Supplied records below:

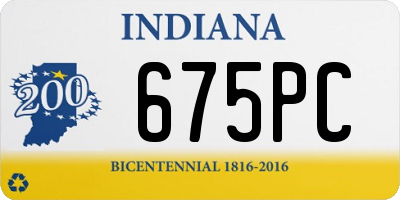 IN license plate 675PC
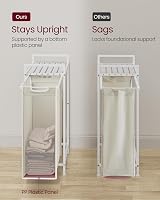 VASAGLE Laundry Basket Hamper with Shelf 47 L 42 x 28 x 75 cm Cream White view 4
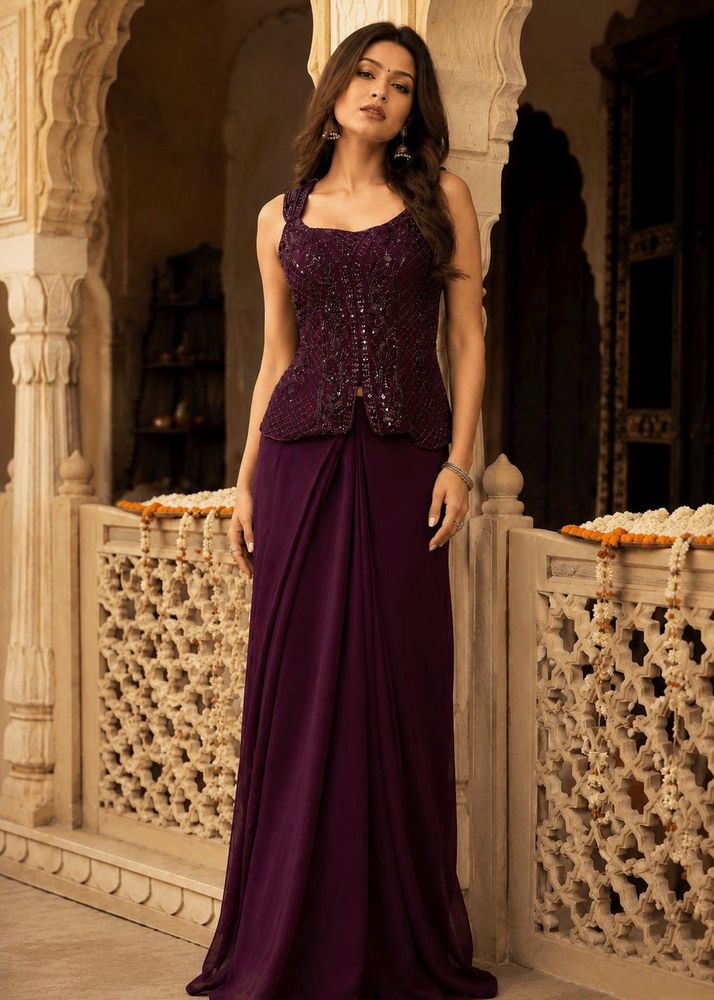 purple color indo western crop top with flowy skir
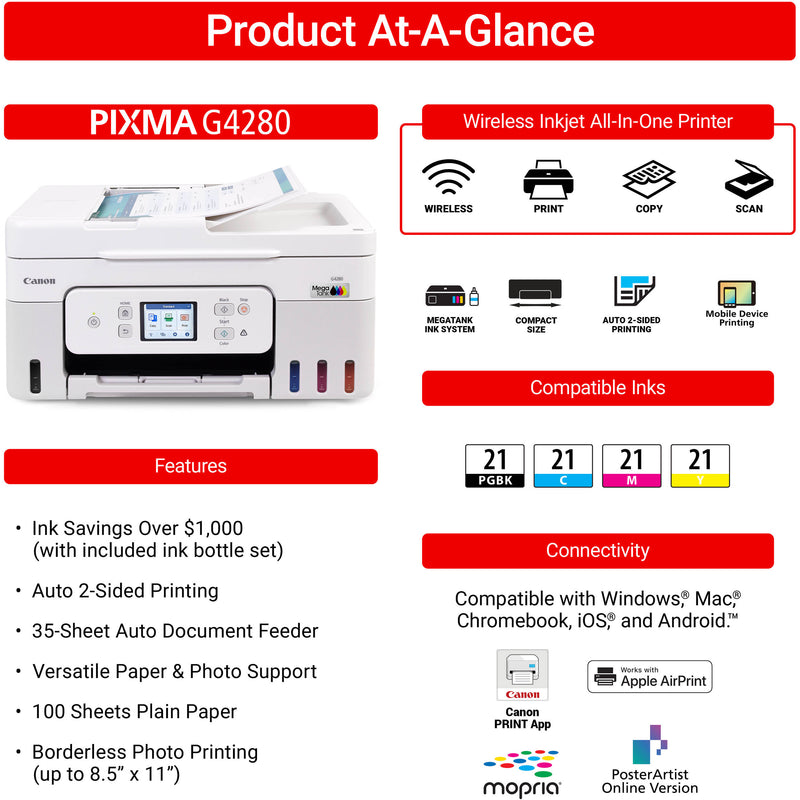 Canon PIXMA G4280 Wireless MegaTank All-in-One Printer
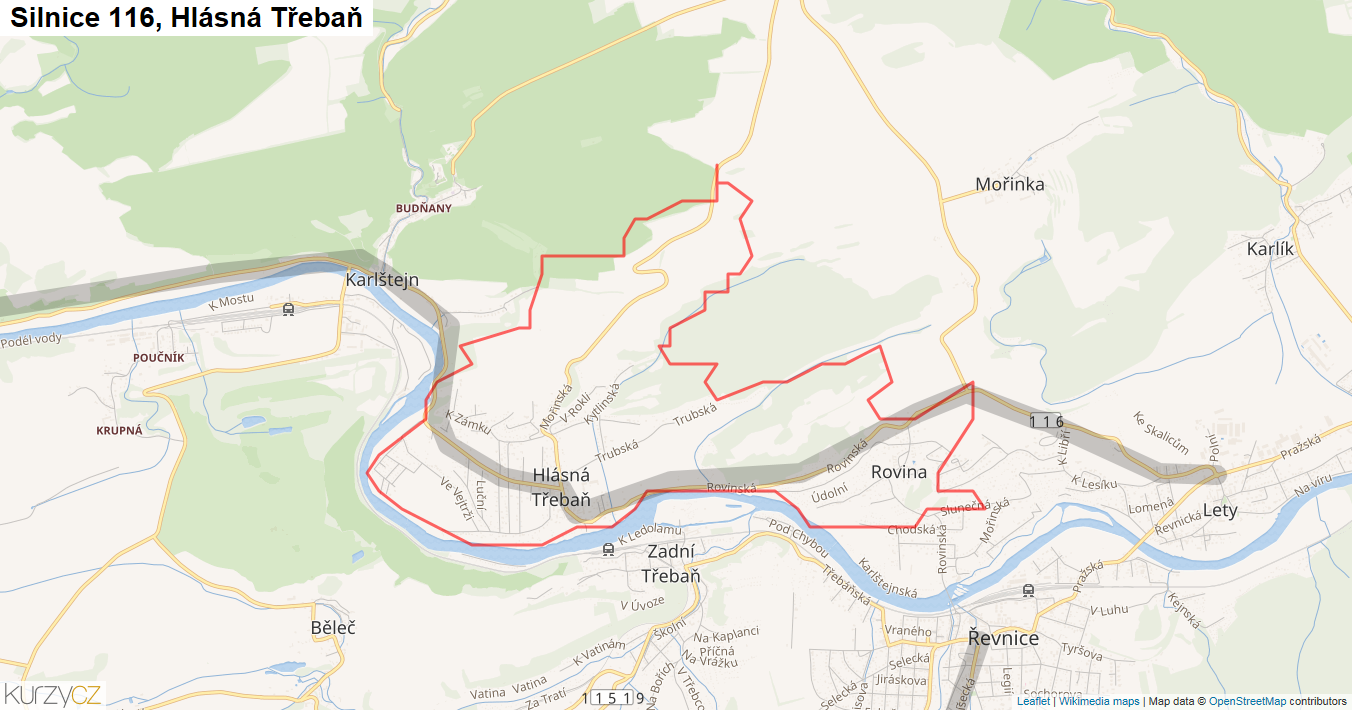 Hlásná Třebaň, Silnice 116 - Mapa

End of Supplied records.

(What is being asked):
Exclude the images and output the lines above exactly.

(Output of the exercise):
 IN license plate 675PC
 VASAGLE Laundry Basket Hamper with Shelf 47 L 42 x 28 x 75 cm Cream White view 4
 purple color indo western crop top with flowy skir
 Canon PIXMA G4280 Wireless MegaTank All-in-One Printer
 Hlásná Třebaň, Silnice 116 - Mapa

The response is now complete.